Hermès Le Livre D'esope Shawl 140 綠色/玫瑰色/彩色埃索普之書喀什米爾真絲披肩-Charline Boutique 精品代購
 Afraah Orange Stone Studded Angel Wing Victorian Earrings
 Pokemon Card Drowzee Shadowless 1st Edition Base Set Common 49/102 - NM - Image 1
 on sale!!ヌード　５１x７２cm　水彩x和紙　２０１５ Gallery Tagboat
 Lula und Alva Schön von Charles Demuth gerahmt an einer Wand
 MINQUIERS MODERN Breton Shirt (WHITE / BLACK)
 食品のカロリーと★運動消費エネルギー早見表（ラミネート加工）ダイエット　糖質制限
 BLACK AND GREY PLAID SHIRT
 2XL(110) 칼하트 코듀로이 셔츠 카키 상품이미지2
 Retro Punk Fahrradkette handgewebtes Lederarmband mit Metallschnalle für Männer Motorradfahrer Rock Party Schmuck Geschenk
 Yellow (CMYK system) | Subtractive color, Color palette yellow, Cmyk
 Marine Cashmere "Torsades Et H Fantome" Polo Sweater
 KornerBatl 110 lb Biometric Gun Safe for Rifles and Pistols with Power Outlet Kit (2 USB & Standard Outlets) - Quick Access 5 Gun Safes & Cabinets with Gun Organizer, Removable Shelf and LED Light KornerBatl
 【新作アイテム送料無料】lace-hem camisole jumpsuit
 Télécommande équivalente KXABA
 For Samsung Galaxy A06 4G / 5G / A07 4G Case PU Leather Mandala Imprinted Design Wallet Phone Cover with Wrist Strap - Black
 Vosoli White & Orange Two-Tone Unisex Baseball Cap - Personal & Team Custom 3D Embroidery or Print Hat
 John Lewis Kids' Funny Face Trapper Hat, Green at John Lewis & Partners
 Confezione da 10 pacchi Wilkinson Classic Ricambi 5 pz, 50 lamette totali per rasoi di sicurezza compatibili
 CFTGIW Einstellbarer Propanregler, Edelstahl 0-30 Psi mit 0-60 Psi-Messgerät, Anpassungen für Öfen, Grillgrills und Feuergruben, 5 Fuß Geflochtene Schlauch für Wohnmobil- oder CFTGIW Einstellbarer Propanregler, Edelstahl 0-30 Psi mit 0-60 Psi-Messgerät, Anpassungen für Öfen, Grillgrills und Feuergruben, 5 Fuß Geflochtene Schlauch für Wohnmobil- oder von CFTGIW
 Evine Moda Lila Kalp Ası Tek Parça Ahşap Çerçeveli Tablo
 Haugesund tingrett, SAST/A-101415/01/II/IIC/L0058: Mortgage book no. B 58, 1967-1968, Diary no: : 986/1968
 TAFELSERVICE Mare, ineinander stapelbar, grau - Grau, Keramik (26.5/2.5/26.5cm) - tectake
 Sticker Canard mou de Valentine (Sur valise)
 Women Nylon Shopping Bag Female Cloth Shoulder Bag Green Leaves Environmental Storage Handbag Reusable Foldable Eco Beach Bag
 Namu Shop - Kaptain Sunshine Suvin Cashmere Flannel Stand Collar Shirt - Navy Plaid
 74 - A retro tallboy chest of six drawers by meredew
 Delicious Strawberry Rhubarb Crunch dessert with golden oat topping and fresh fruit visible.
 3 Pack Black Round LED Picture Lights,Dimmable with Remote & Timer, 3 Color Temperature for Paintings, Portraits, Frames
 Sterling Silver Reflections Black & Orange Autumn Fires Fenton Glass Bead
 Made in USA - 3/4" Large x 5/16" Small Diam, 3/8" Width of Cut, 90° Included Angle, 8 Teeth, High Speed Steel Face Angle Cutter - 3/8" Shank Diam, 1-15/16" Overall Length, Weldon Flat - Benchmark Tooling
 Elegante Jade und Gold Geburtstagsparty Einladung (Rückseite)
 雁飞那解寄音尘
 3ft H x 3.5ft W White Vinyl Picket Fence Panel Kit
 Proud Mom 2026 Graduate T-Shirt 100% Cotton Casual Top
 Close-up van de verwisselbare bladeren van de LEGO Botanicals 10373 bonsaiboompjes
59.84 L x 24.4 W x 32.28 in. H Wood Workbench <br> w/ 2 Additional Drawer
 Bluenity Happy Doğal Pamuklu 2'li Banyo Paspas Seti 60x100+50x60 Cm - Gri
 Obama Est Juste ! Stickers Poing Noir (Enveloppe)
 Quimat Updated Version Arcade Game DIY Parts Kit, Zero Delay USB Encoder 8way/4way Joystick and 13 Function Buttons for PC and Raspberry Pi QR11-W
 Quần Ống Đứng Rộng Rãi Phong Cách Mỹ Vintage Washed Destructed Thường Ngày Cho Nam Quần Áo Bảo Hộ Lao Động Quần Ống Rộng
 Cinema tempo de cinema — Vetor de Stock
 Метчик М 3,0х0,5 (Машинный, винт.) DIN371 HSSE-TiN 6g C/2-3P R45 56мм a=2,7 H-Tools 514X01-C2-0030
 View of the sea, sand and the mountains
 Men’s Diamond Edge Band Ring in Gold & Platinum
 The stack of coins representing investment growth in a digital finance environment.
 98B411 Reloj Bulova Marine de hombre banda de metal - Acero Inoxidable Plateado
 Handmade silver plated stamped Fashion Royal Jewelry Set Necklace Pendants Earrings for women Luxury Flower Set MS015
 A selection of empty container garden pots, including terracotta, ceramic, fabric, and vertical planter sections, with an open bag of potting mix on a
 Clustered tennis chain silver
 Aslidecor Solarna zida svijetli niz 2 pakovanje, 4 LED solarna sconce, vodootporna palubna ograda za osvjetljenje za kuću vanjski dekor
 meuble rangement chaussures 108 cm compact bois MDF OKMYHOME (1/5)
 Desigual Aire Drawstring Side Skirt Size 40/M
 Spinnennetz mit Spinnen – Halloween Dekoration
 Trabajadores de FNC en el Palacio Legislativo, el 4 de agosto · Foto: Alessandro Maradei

=-=-=

§ YOUR INSTRUCTIONS
Could you write out, exactly as they stand, only the lines above that begin at the line with "KornerBatl 110 lb" and stop after the line with "Evine Moda Lila"?

§ WRITTEN ANSWER
 KornerBatl 110 lb Biometric Gun Safe for Rifles and Pistols with Power Outlet Kit (2 USB & Standard Outlets) - Quick Access 5 Gun Safes & Cabinets with Gun Organizer, Removable Shelf and LED Light KornerBatl
 【新作アイテム送料無料】lace-hem camisole jumpsuit
 Télécommande équivalente KXABA
 For Samsung Galaxy A06 4G / 5G / A07 4G Case PU Leather Mandala Imprinted Design Wallet Phone Cover with Wrist Strap - Black
 Vosoli White & Orange Two-Tone Unisex Baseball Cap - Personal & Team Custom 3D Embroidery or Print Hat
 John Lewis Kids' Funny Face Trapper Hat, Green at John Lewis & Partners
 Confezione da 10 pacchi Wilkinson Classic Ricambi 5 pz, 50 lamette totali per rasoi di sicurezza compatibili
 CFTGIW Einstellbarer Propanregler, Edelstahl 0-30 Psi mit 0-60 Psi-Messgerät, Anpassungen für Öfen, Grillgrills und Feuergruben, 5 Fuß Geflochtene Schlauch für Wohnmobil- oder CFTGIW Einstellbarer Propanregler, Edelstahl 0-30 Psi mit 0-60 Psi-Messgerät, Anpassungen für Öfen, Grillgrills und Feuergruben, 5 Fuß Geflochtene Schlauch für Wohnmobil- oder von CFTGIW
 Evine Moda Lila Kalp Ası Tek Parça Ahşap Çerçeveli Tablo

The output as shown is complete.